SALEMBURG — With a small group of students at Lakewood High School, Extension Agent Lethia Lee and Career Adviser Summerlyn Faircloth talked about famous people who overcame the challenges of teenage parenthood.
One of them included Maya Angelou, who went on to becoming a world-famous poet. The adult educators want those young parents to be successful in their future endeavors too. The Sampson County Cooperative Extension is continuing to help teenage parents through the “Table for Two” program, which teaches how to deal with pregnancy and being a parent. Participants receive resources, including those teaching proper nutrition for babies. Also, self-esteem is taught during the class.
Along with other teens involved, Brittany Bennett, a 17-year-old junior, enjoyed listening to the experiences of participants and cooking tips for her child. The majority of people in the program like Bennett are mothers, but fathers such as Allen Goodrich, an 18-year-old senior, benefit as well.
“It kind of taught me more things that would be more healthier (when my child) eats, how to cook it and how to prepare,” Goodrich said.
Junior Michelle Ramirez, 17, said it was also helpful when it came to opening up about being a teen parent.

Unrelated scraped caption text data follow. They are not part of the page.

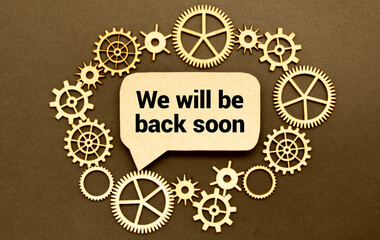 We will be back soon speech bubble and black magnifier isolated on the yellow background. - obrazy, fototapety, plakaty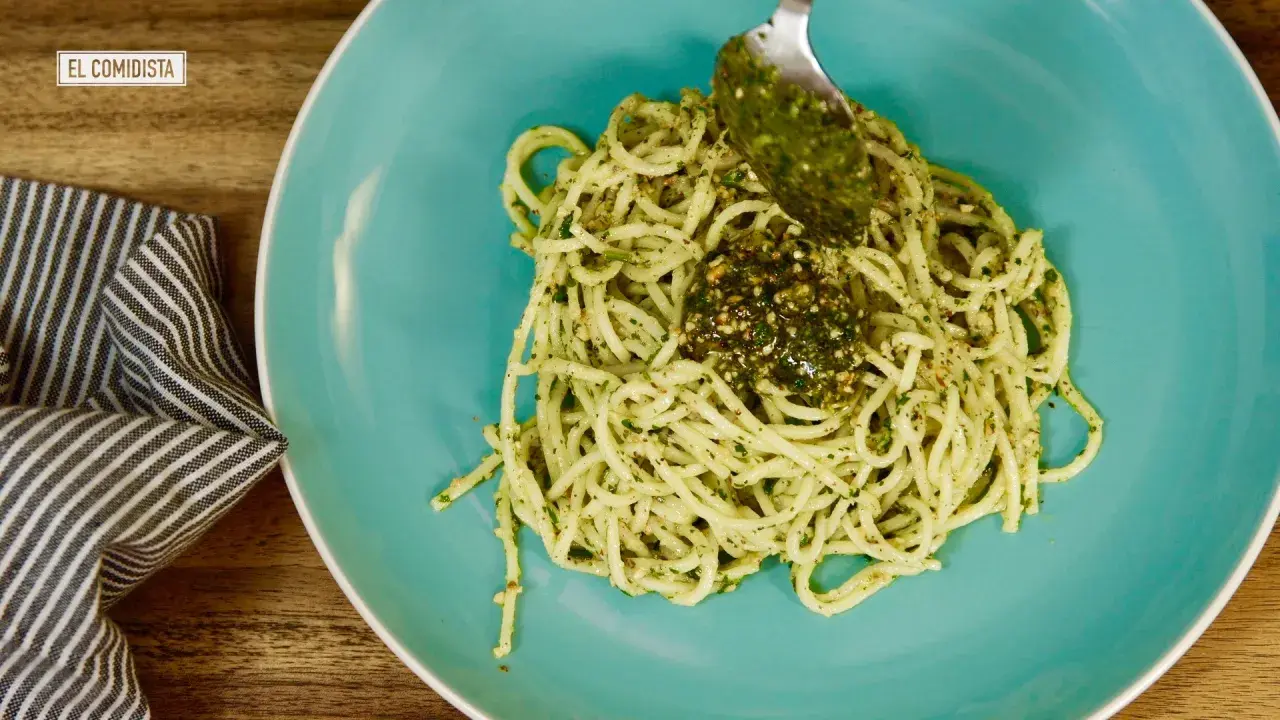 Un plato de pasta al pesto, con una cuchara añadiendo más salsa verde.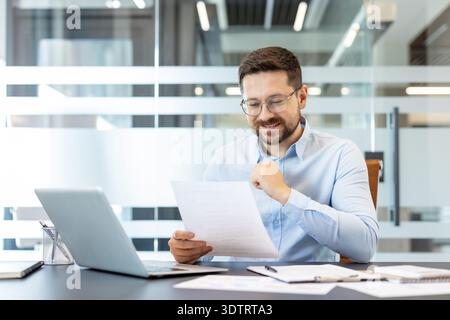 Professional man wearing glasses reviewing financial papers, calculating data or studying business reports while working at desk with laptop in corporate workspace Stock Photo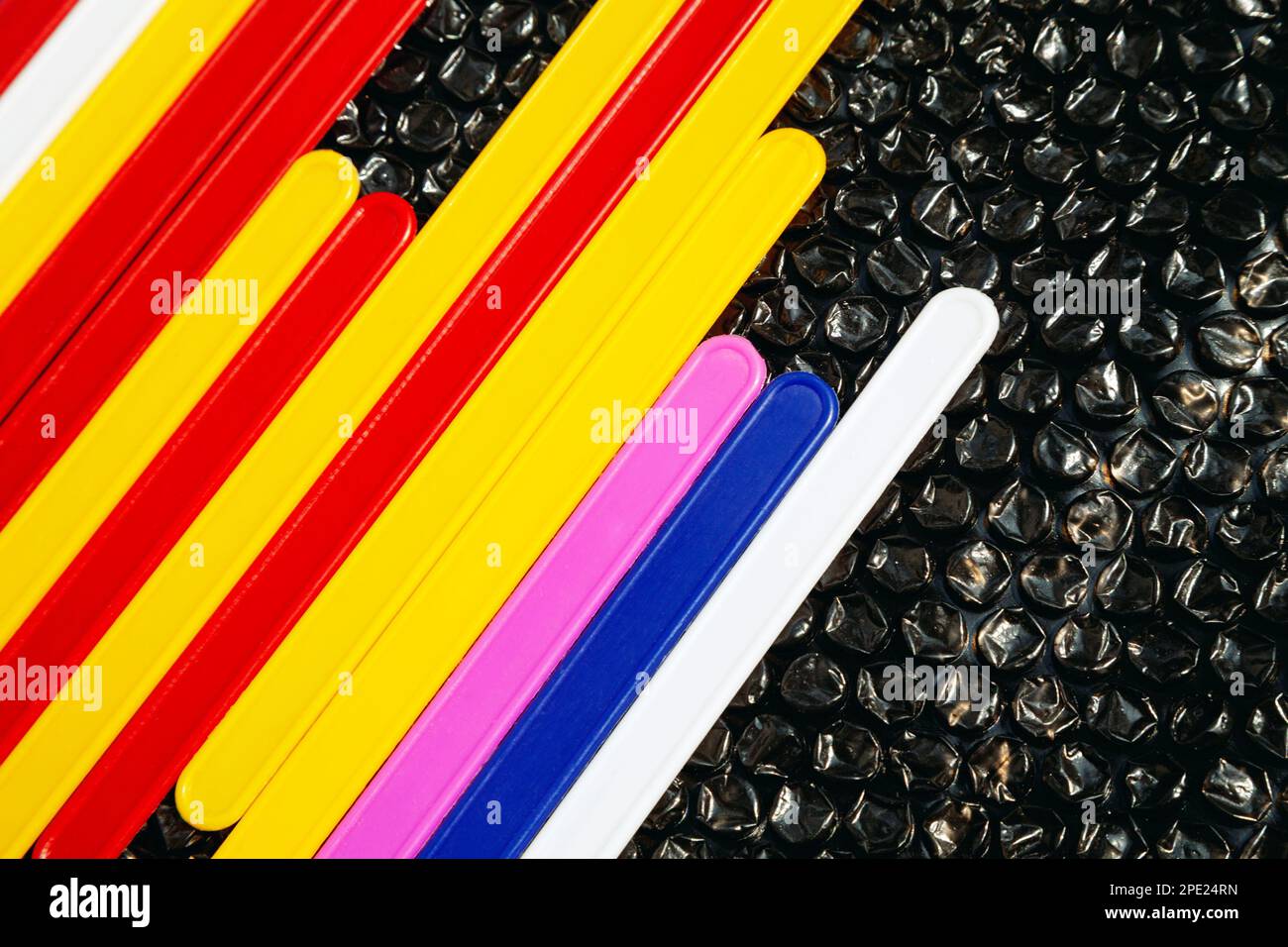 Farbenfrohe Linien auf schwarzem, abstraktem geometrischem Hintergrund. Plastikzählstäbchen, Zahlenlernhilfe für Kinder Stockfoto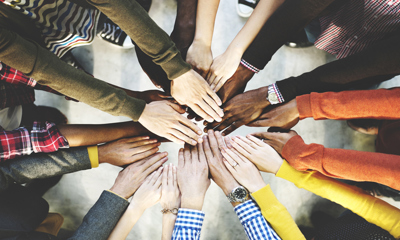 Group of people with outstretched arms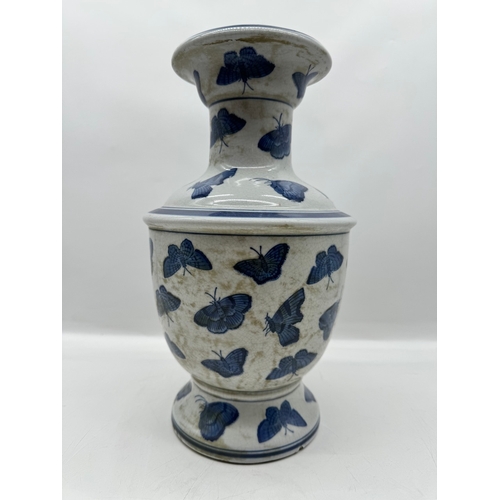 74 - Vintage Oriental Blue & White Bulbous vase with hand painted butterfly decoration - 34cm x 18cm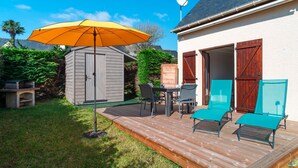 Una terraza de madera con una mesa, sillas, un paraguas amarillo y un cobertizo en un patio trasero.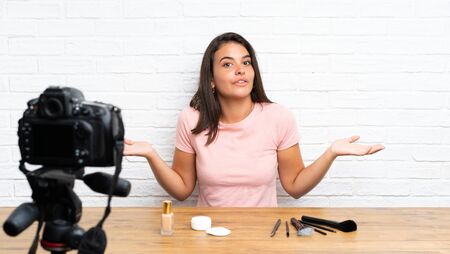 Young girl recording a video tutorial having doubts with confuse face expressionの写真素材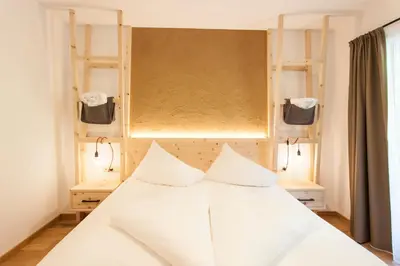 a bed with white sheets and pillows in a room at Hotel-Chalet Pennhof in Barbiano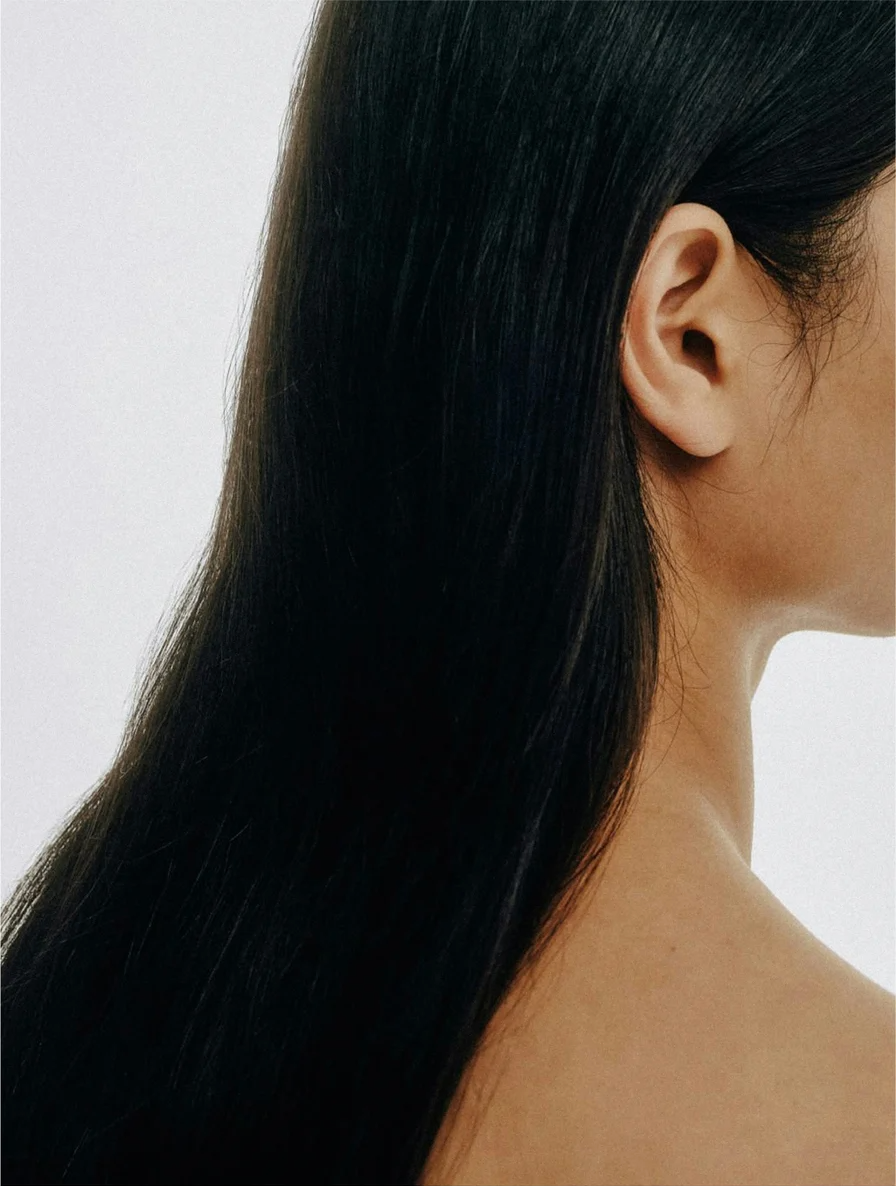 Close-up of smooth, shiny hair showcasing the benefits of Keratin Shine Leave In Hair Mist.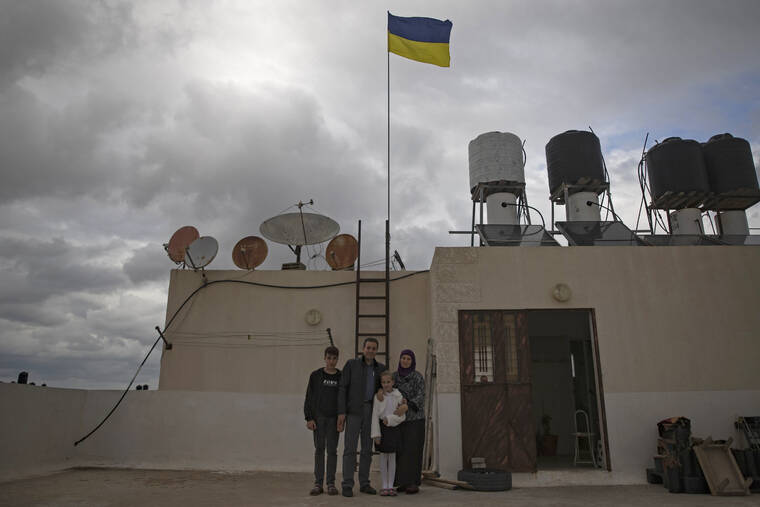 ASSOCIATED PRESS
                                Ukrainian Oksana al-Astal stands with her Palestinian husband and their children as they pose for a photo as a Ukrainian flag waves over the roof top of their home in Khan Younis in the southern Gaza Strip.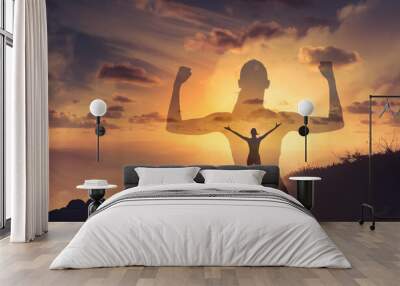 Strong confident woman flexing arms facing the sunset. People feeling inspire, and having inner strength concept.  Wall mural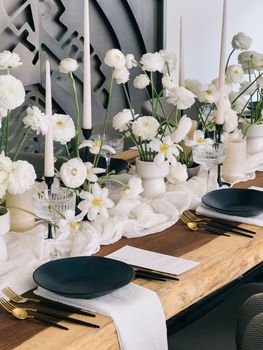 Served table with bouquets of flowers and candles in candlesticks. High quality photo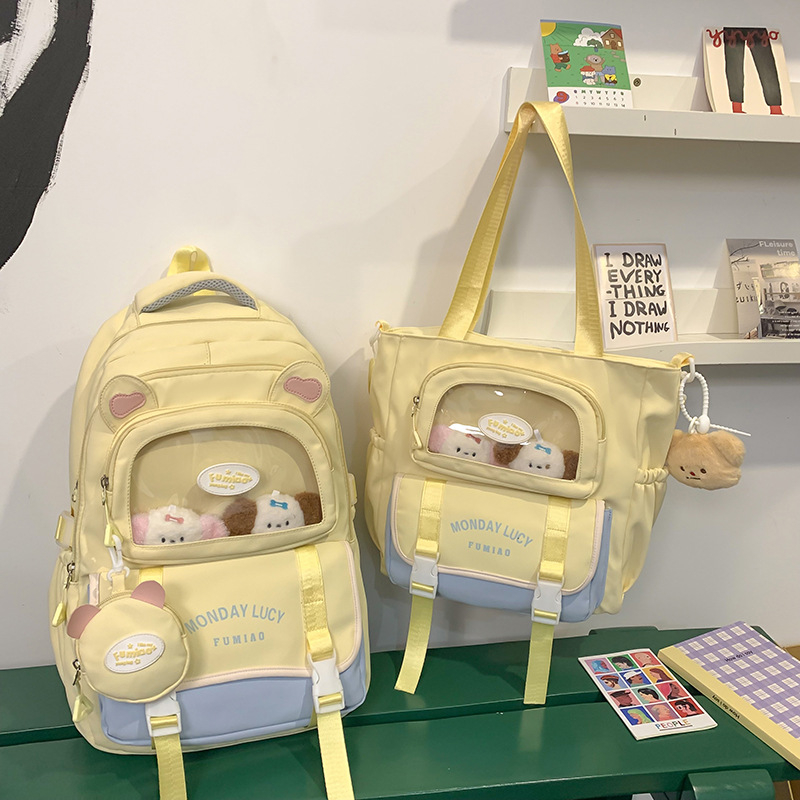 Jauna multfilmu stila bērnu mugursoma, maza, svaiga, jauka, lielas ietilpības skolēnu plecu soma, kas paredzēta došanās uz nodarbībām un skolēnu somu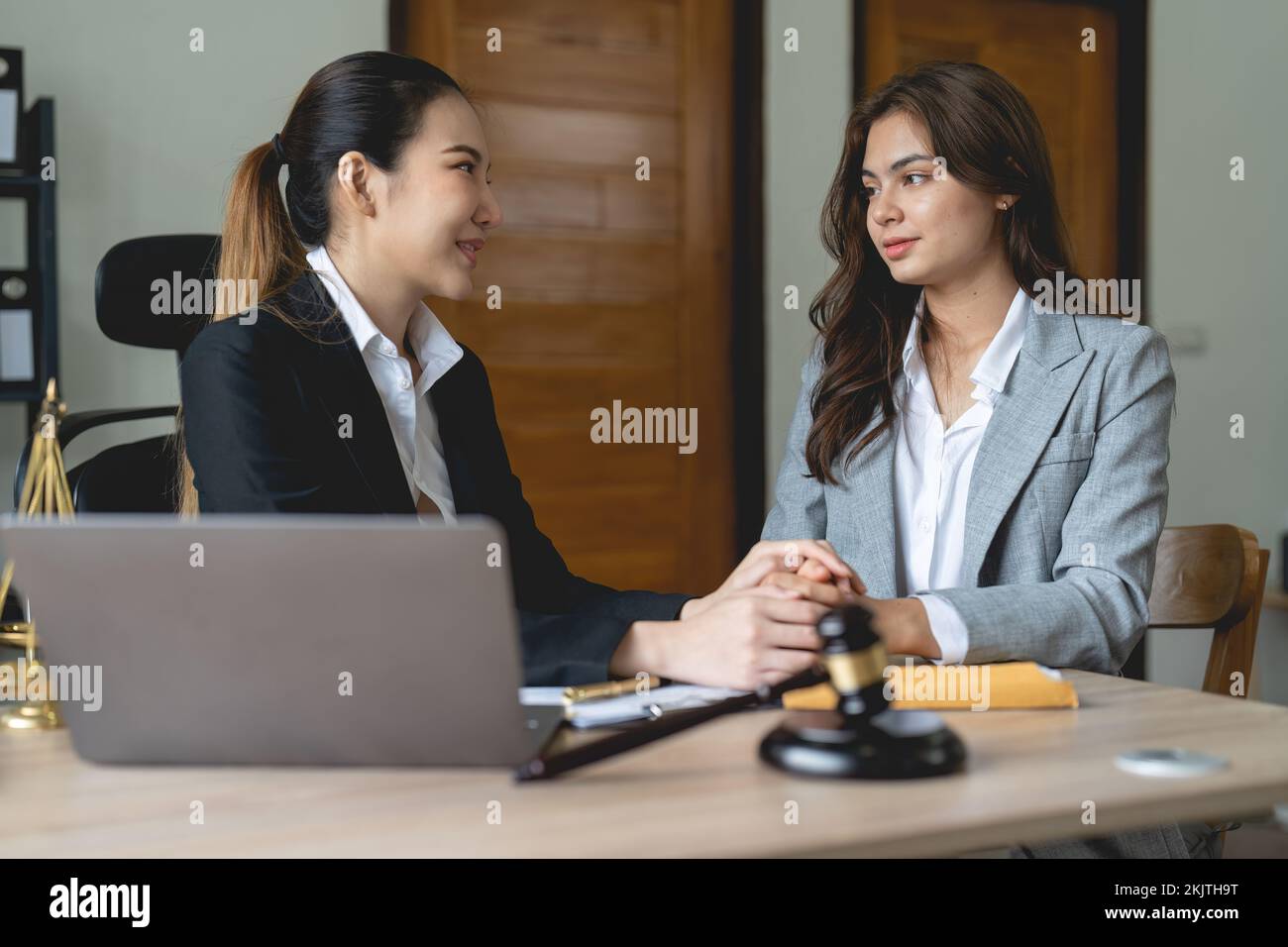 Justice and attorney concept. Lawyer meeting and consoling solution to his client provide legal advice and trust commitment strain serious for problem Stock Photo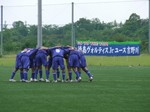 横断幕をバックに円陣を組む選手たち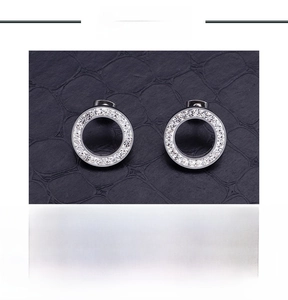 Detailed view of silver stainless steel stud earrings with crystal halo and product specs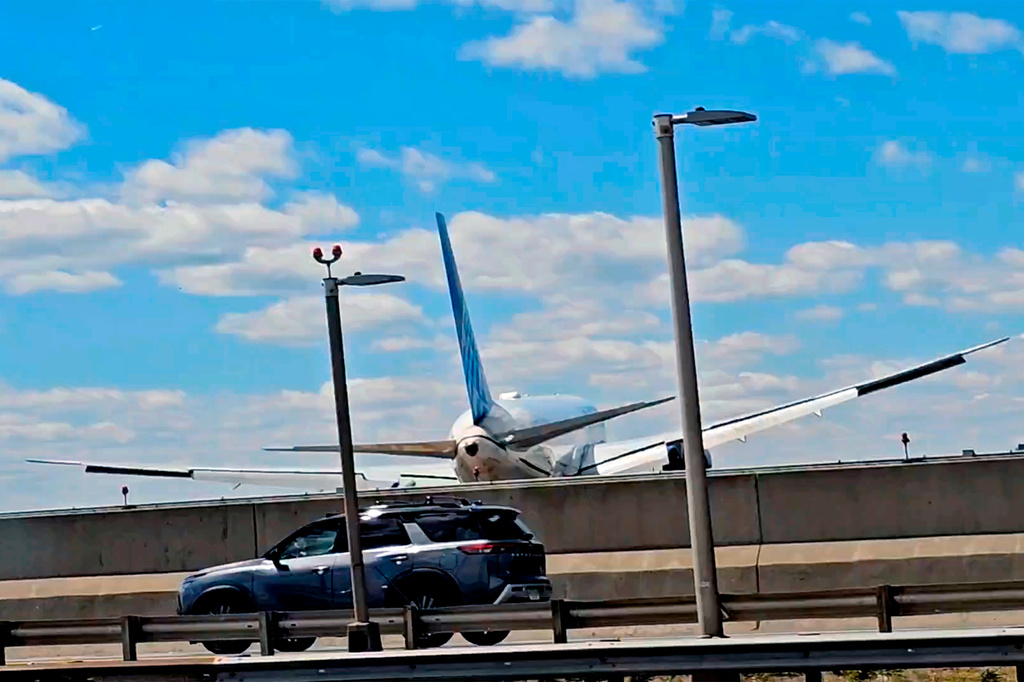FILE - A United Airlines plane is seen in a still image taken from video after hitting a light pole on the New Jersey Turnpike as it lands at Newark Liberty International Airport, Sunday, May 3, 2026. (Patrick Oyulu, via AP)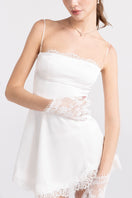 White Marilyn satin mini dress by Nana Jacqueline, featuring a sleek, fitted silhouette and elegant satin fabric.
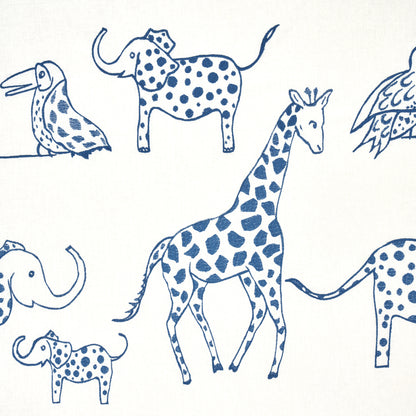 Blue ink animal sketch pattern featuring giraffes, elephants & a bird on cream textile background.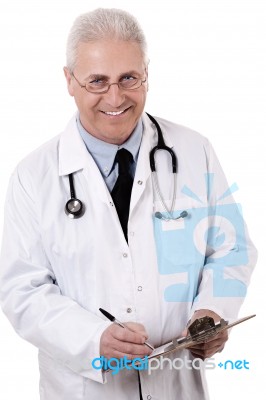 Portrait Of Senior Doctor Writing Reports Stock Photo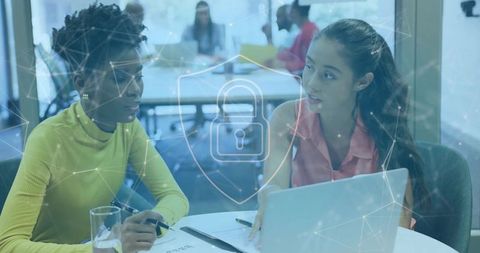 Women Collaborating in Modern Office Setting with Digital Interface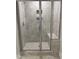 Modern tiled shower with seamless glass enclosure and a built-in bench at 3500 Bailey Lake Dr, Fuquay Varina, NC 27526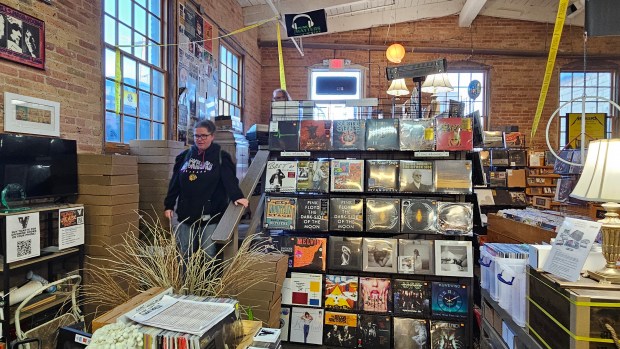 April Zamirowski of Montgomery enters Kiss the Sky record shop in Batavia Saturday morning, the first of more than 200 people who participated in a lottery to get into the store to buy limited editions records in celebration of Record Store Day. (David Sharos / For The Beacon-News)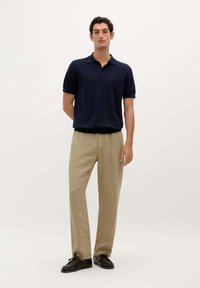 Marine polo t-shirt, kortærmet, to-knaps placket; parret med lyse beige linnedbukser; sorte snørebåndssko. Ensfarvet baggrund.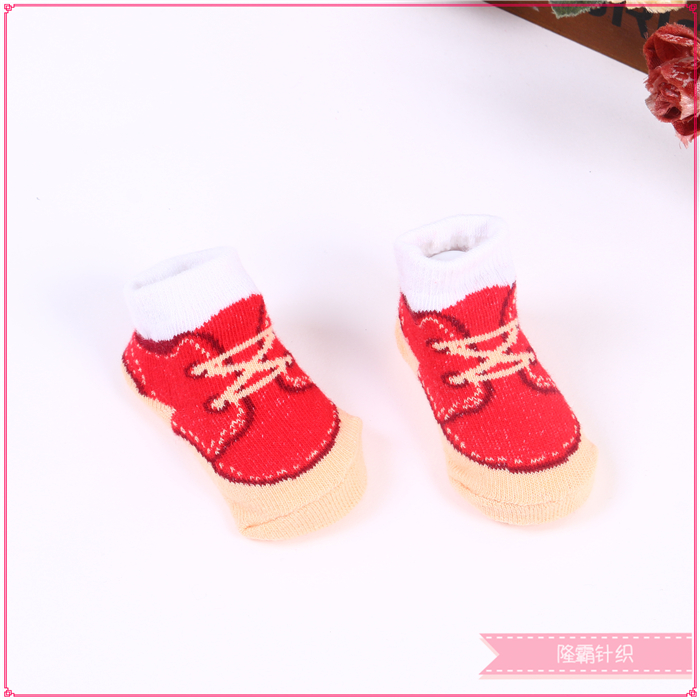 Three pairs of baby shoes in a gift box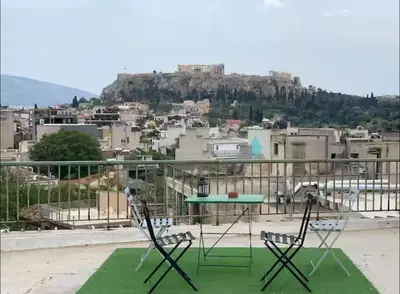 a table and chairs on a balcony with a view at Le Petit II Apartment in Athens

“The program has been very helpful to me and it helped me open up more,” Ramirez said. “It helped me collaborate with other students, teen moms and dads that also had babies.”
Lakewood is one of few schools in Sampson County using the Table for Two resource for students. Sessions were previously held at Lakewood High School. Its curriculum is under the Expanded Food and Nutrition Education Program, which is a federally-funded program through Cooperative Extension. At the conclusion of the program, awards and 12-hour certificates from North Carolina State University and North Carolina Agricultural and Technical State University, were awarded to the students in Table for Two.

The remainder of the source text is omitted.